Load-more buttons are typically placed beneath a chunk of content and ask users if they want to see more results. Unlike infinite scroll, it doesn’t assume that they do. It gives them a natural stopping point, a choice to continue. And it allows users to access the footer if they need to.
Unlike pagination, load-more buttons don’t break the content up into discrete, numbered-or-alphabetized pages.
The experience of web pages with a load-more button slightly resembles that of ones with infinite scroll though. For instance, after the user hits “load more” several times, they have one large consolidated page of items, rather multiple pages of items. As a result, some downsides of infinite scroll remain: It’s still hard to return to your previous spot after clicking a link, and users still don’t get the sense of progress from being done with a page.
The Case for Infinite Scroll
Seamless Mobile Scrolling
Removing page numbers and buttons from the bottoms of pages in favor of infinite scroll might yield an elegant, seamless browsing experience for users. Especially on mobile devices, where users have grown accustomed to swiping with their thumbs, rather than pecking at buttons, to fetch additional content.
Infinite scroll is also an intuitive design choice when the main action of users is to casually flip through a social media feed. In this context, the timeliness of information is paramount, and each bit of information is of relatively equal importance. And there’s always a new update.
“If you were to paginate that information, it wouldn’t really make any sense,” Guiney said. “By the time you go to page two, the page one results are there.” That makes infinite scroll — rather than pagination — a natural fit for social feeds, contexts where users typically don’t have a specific goal in mind.
Infinite scroll may also work well for chat-style applications, like texting or Slack, where users generally don’t have to locate specific messages or worry about seeing everything. “Those are really just moments in time, you’re dipping in and dipping out,” Roselli said.
Tips for Making Infinite Scroll Better
It’s almost always the case that designers will want to avoid infinite scroll. But if they are determined to use it, Roselli said they should keep a few things in mind.

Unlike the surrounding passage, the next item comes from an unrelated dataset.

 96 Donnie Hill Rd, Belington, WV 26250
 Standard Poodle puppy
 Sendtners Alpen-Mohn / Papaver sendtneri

Don’t Place Content After the Infinite Scroll
Sticking a website footer beneath a sea of endlessly loading content saddles users with a Sisyphean task. They’ll get angry with you for this. And rightly so. Put important information in an easy-to-reach place.
When a User Hits the ‘Back’ Button, Let Them Return to the Exact Same Place
There’s nothing more frustrating than losing your place and having to scroll through the same content just to get back to where you left off. Code it on the back end to let users return to where they were.
Offer the Ability to Jump Ahead
Don’t make your users waste time by scrolling through content they know they don’t need in order to get to the stuff they’re looking for. Include buttons to let them skip to a certain letter or number.
Make It Work for Keyboard-Only Users
Build and test your infinite scroll in such a way that keyboard-only users and people who use screen readers can experience your page as intended. They shouldn’t have to hit the “tab” button a hundred times to get where they need to go. The solution may be to include an option to switch off infinite scroll, and enable users to use pagination or load-more buttons if they wish.
Test It First
“Before burning time on writing the code, figure out what problem you’re trying to solve,” Roselli said. If designers want to increase time on site and lower bounce rates, for example, they should prototype it, test it on a good cross-section of users (including users with disabilities) and see if the design actually supports the goal.
Whatever route a designer ultimately decides to take — infinite scroll, load-more buttons, pagination, or even just a search bar — testing it out first and gathering user feedback is the most important step.